• **Assignment**
Where the line holding "3954 Stell Drive, Simi" appears, start copying, and continue exactly through the last line of the listing, skipping pictures.

• **Data section**
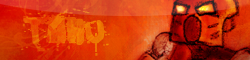 tahu_banner.png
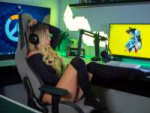 b003ac90-0089-4f10-81d8-865e8e0e40d1.jpeg
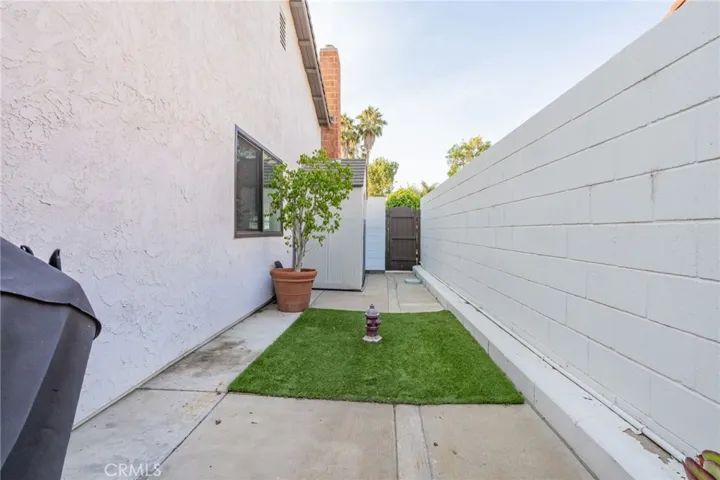 3954 Stell Drive, Simi Valley, California 93063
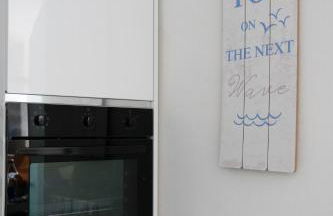 Appartamento luminoso e romantico ANyMA - Foto 27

• **Output of the exercise**
 3954 Stell Drive, Simi Valley, California 93063
 Appartamento luminoso e romantico ANyMA - Foto 27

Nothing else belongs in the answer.